The Washington Post has a story about Beth Milito, who purchased a 2011 Toyota Sienna minivan based on recommendations from friends as well as the vehicles four-star safety rating. “But tucked into the details of the government’s crash test results was another rating that Milito said she never saw, which now has her wondering about her own safety,” writes the Post. “The front passenger seat on Milito’s Sienna received two out of five stars on the frontal crash test, a fall from the top five-star rating for that seat on the Sienna’s 2010 and older models.”

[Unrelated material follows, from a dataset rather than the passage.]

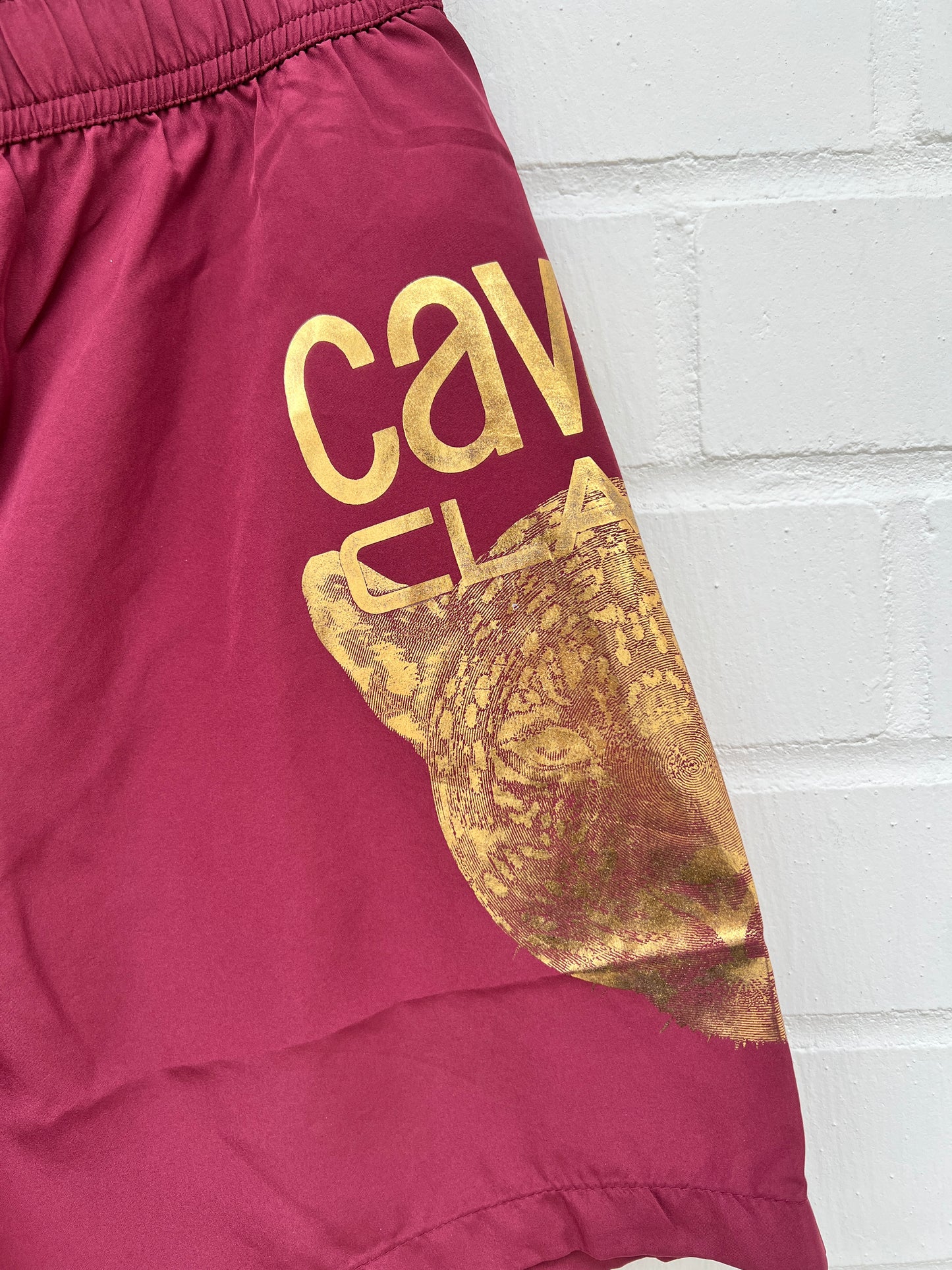 Badehose Bordeaux gold logo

Why did it get a lower rating? “Starting with 2011 models, the federal government replaced an average-size male dummy with a smaller female dummy for some tests. When the 2011 Sienna was slammed into a barrier at 35 mph, the female dummy in the front passenger seat registered a 20 to 40 percent risk of being killed or seriously injured, according to the test data.” And they don’t know the numbers for women in the driver’s seat because they never sat a female dummy there.

Well that’s…concerning.

“When we’re out and about as a family, I’m the one sitting in that seat,” said Milito.

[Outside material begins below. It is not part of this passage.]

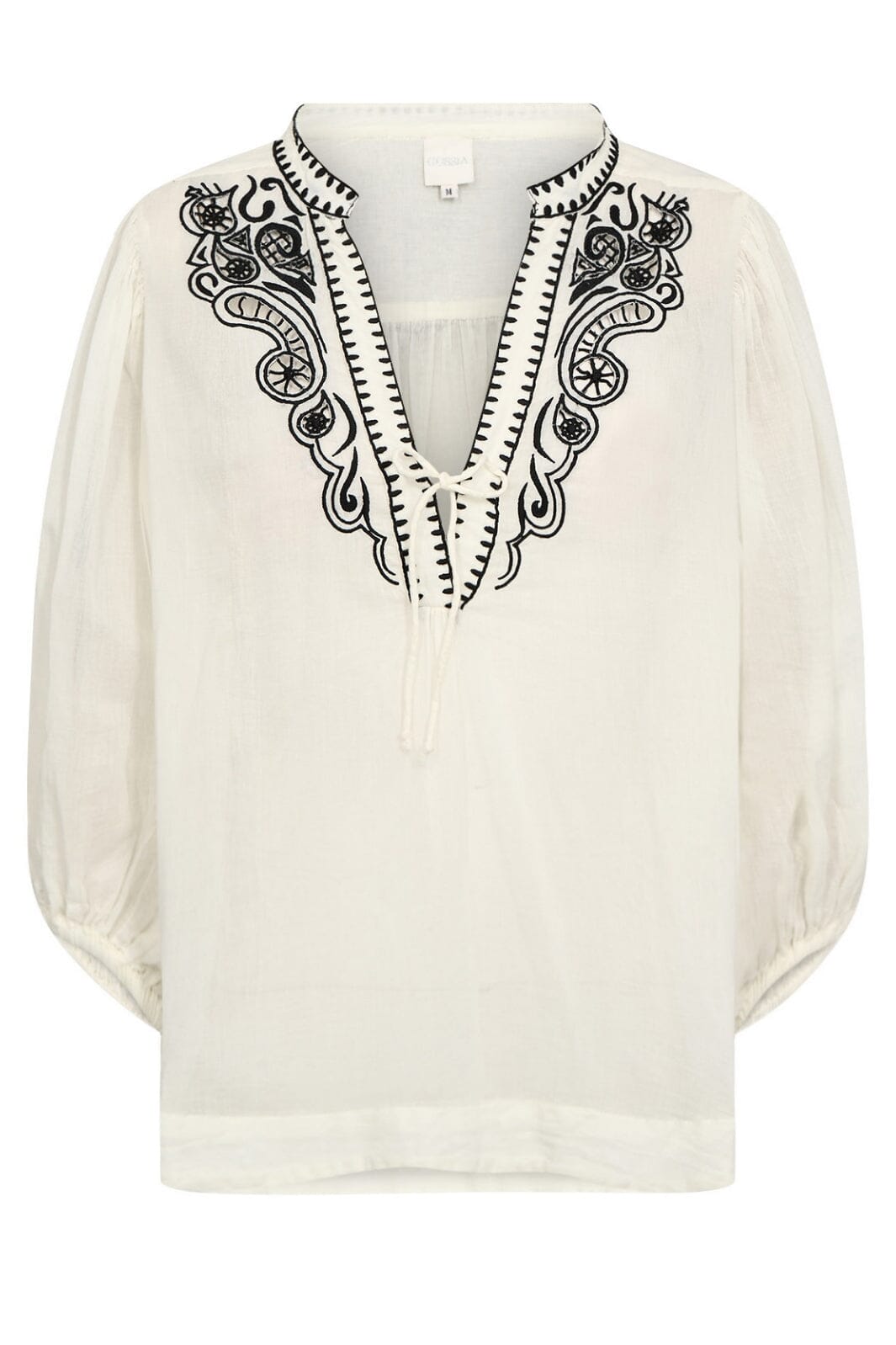 Gossia - NouraGO Blouse - cream - Black Skjorter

“Consumer advocates say the female dummy’s subpar performance in some top-selling vehicles reveals a need to better study women and smaller people in collisions. Until recently, only male dummies were used during more than three decades of government testing aimed at helping car buyers choose between vehicles,” writes the Post who also added that a female dummy can serve to mimic a 12-year-old child, who could also potentially be sitting in the front seat.

“Auto safety watchdog groups say they’ve been pushing NHTSA [National Highway Traffic Safety Administration] to go beyond the average-sized male dummy since the agency launched the star-rating system in 1978. They say those tests should take into account not only women but the increasing elderly and obese populations and larger children who have outgrown child safety seats,” according to the Post. “The tests, they say, also miss average women who fall between the 50th percentile male dummy, which stands 5-feet-9 and 172 pounds, and the unusually petite female dummy, which is 4-feet-11 and 108 pounds.”

Saying I’m concerned is actually putting it lightly, I’m a woman with a rather small frame. I’m shocked to find out safety measures don’t account for people like me. That seems rather negligent, no? What are your thoughts?

(via Washington Post)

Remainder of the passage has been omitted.